» **ASSIGNMENT**:
With the pictures omitted, repeat exactly the lines below starting with the line that has "Verkaufsraum von Longchamp" and going on through the line that has "Camera doppia luminosa".

Captioned web images

┌──

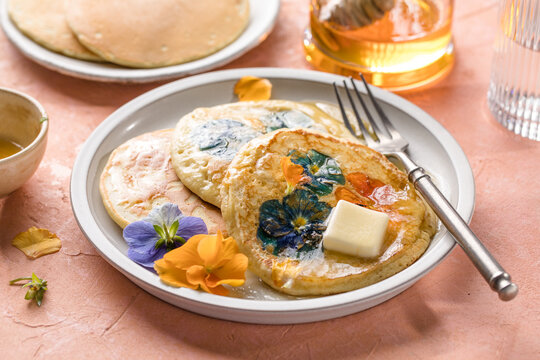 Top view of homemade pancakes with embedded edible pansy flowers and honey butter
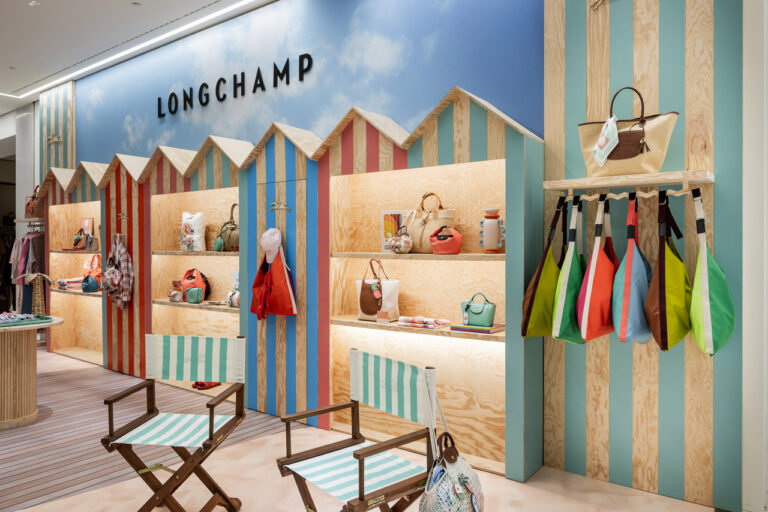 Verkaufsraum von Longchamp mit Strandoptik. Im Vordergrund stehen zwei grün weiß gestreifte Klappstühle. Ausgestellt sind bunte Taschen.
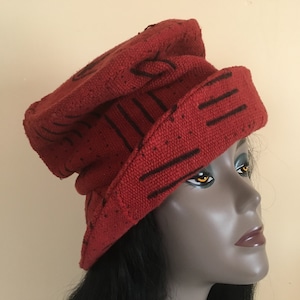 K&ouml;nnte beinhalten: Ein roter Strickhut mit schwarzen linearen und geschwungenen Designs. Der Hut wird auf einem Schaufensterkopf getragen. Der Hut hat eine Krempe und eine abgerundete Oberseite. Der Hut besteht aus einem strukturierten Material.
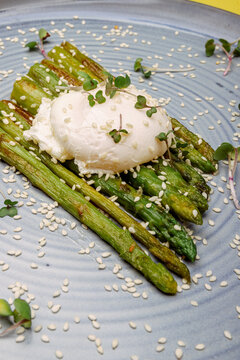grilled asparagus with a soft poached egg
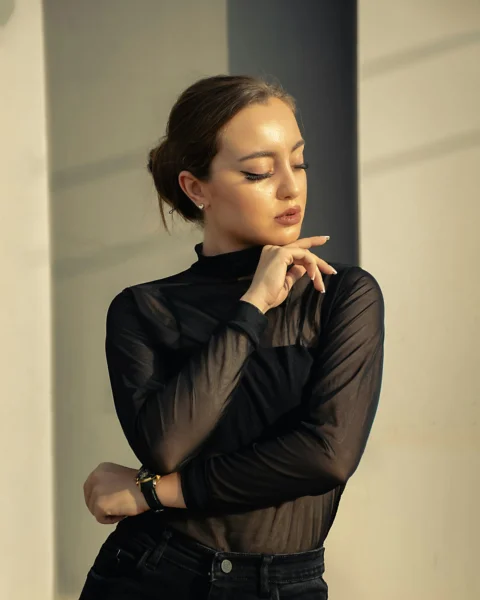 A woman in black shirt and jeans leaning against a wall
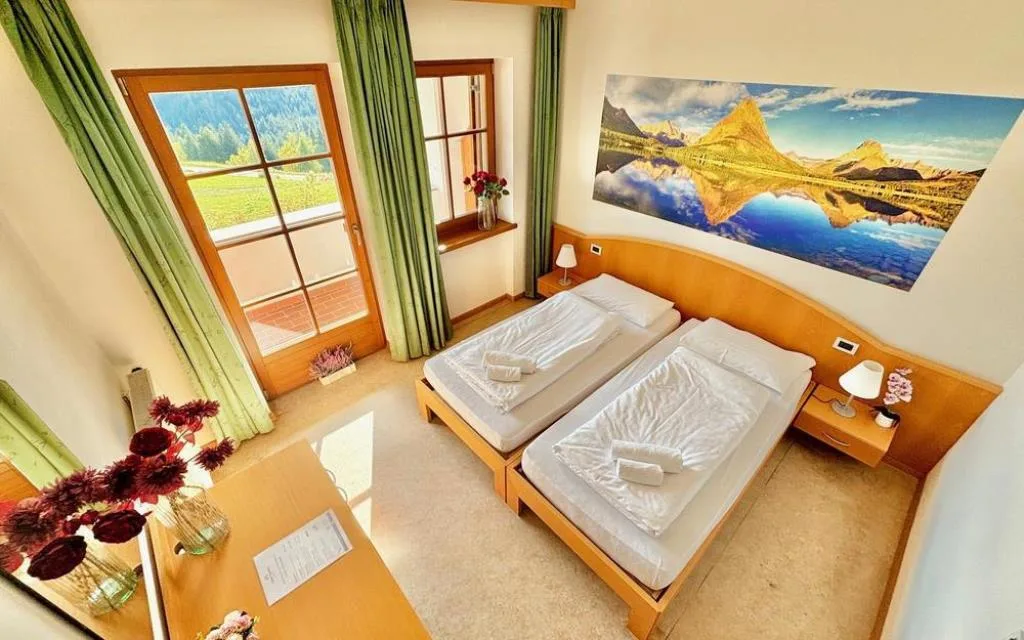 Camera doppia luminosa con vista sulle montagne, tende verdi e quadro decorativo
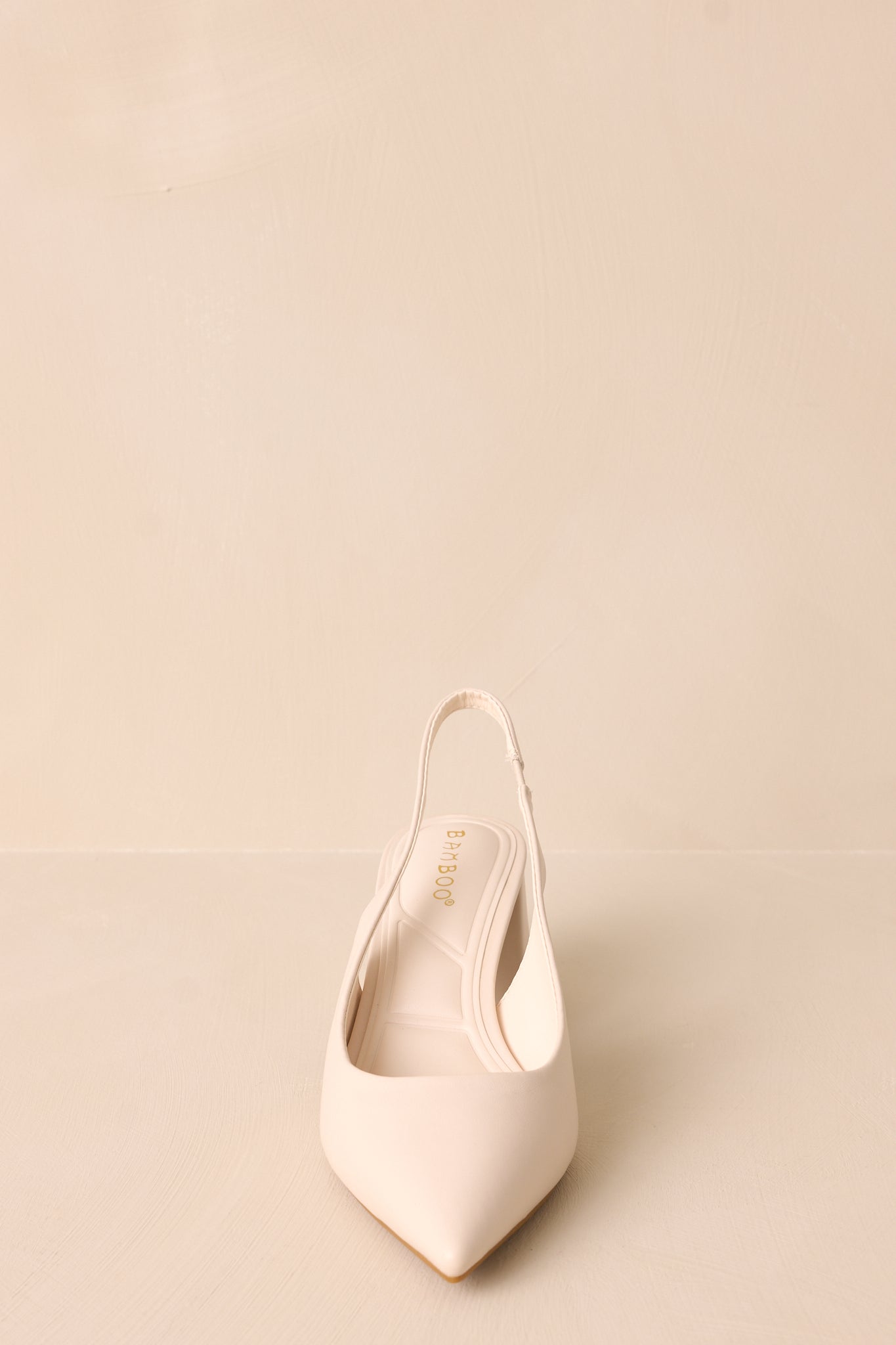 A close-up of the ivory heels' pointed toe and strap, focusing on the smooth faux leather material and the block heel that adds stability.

└──

» **YOUR RESPONSE**:
 Verkaufsraum von Longchamp mit Strandoptik. Im Vordergrund stehen zwei grün weiß gestreifte Klappstühle. Ausgestellt sind bunte Taschen.
 K&ouml;nnte beinhalten: Ein roter Strickhut mit schwarzen linearen und geschwungenen Designs. Der Hut wird auf einem Schaufensterkopf getragen. Der Hut hat eine Krempe und eine abgerundete Oberseite. Der Hut besteht aus einem strukturierten Material.
grilled asparagus with a soft poached egg
 A woman in black shirt and jeans leaning against a wall
 Camera doppia luminosa con vista sulle montagne, tende verdi e quadro decorativo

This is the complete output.